In this guide, I explain the extended warranty benefit offered by some credit cards, how to utilize this benefit and which cards feature the best extended warranty benefits.

What Is an Extended Warranty?

The extended warranty benefit effectively extends the manufacturer’s warranty on products purchased with an eligible credit card. Many, but not all, credit cards come with this benefit. Some card benefits match warranties up to a certain length while others extend warranties by a set amount. Exclusions and maximum coverage limits also vary across cards.

How Extended Warranty Benefits Differ

Extended warranty benefits offered by credit cards differ in a few key aspects.

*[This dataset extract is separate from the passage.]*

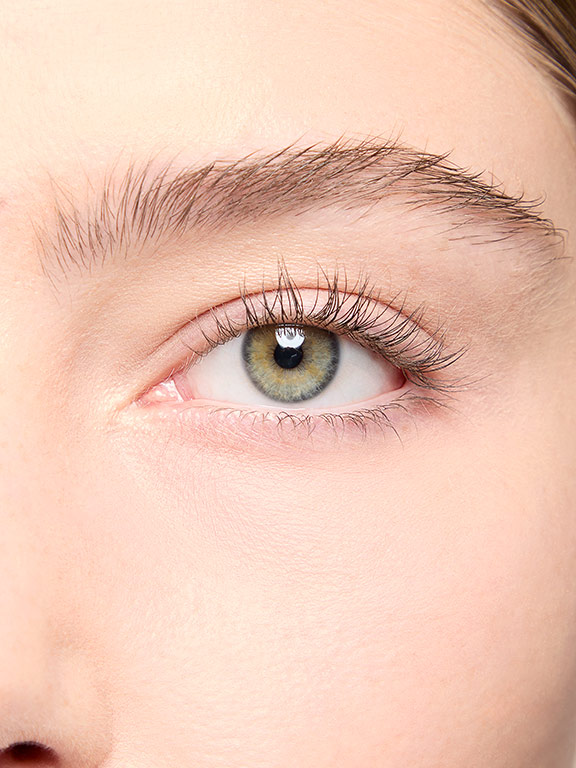 Das Auge einer Frau mit hellem Hauttyp, bevor sie Wimperntusche aufgetragen hat
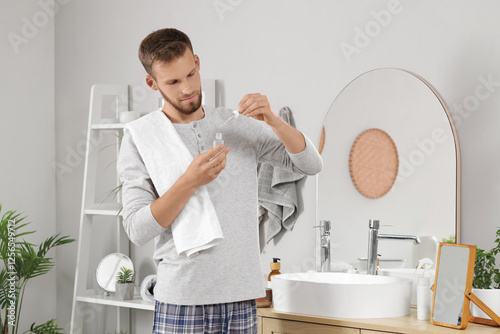 Bearded young man with seru...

  • Extension period: How long is the manufacturer’s warranty extended? Are there any maximum coverage lengths?
  • Length of warranties covered: Is there a limit on what warranty lengths can be extended?
  • Coverage limits: What’s the maximum coverage provided per item and per year?
  • Exclusions: What types of items and damages are excluded?
    • Common types of items excluded: Cars, boats, software, plants, animals, antiques, products normally hard-wired into a house
    • Common types of damage excluded: Power surges, accidental damage, catastrophes, wear and tear, riots

How to Utilize Extended Warranty

Before making a sizable purchase, consider which of your credit cards will provide the best shopping protections. This guide focuses on the extended warranty benefit, but you’ll also want to consider the purchase protection, price protection and return protection benefits offered by the card(s) you could use for the purchase.

When you buy something that has a manufacturer’s warranty and you use a credit card that features an extended warranty benefit, be sure to save the following:

  • Original store receipt
  • Credit card statement for the month showing the charge
  • Manufacturer’s warranty booklet or document

If something you own breaks and has a manufacturer’s warranty:

  1. Check the manufacturer’s warranty. If the item is still covered, begin a claim with the manufacturer.
  2. If outside the manufacturer’s warranty, check the benefits guide for the credit card that you used to make the purchase.
  3. Call a benefits administrator if you need to file a claim or have questions regarding the claim process or eligibility. Call before getting the item repaired in case the benefits administrator wants you to send it to a particular repair facility.
  4. Collect documentation — which may consist of a repair quote, photos of the damaged item, the original receipt and the credit card statement showing the charge — and submit the claim

If approved, you’ll usually receive a check or statement credit reimbursing you for repair costs, replacement costs or the original purchase cost. In some cases, the benefits administrator may ask you to send back the item for inspection or repair.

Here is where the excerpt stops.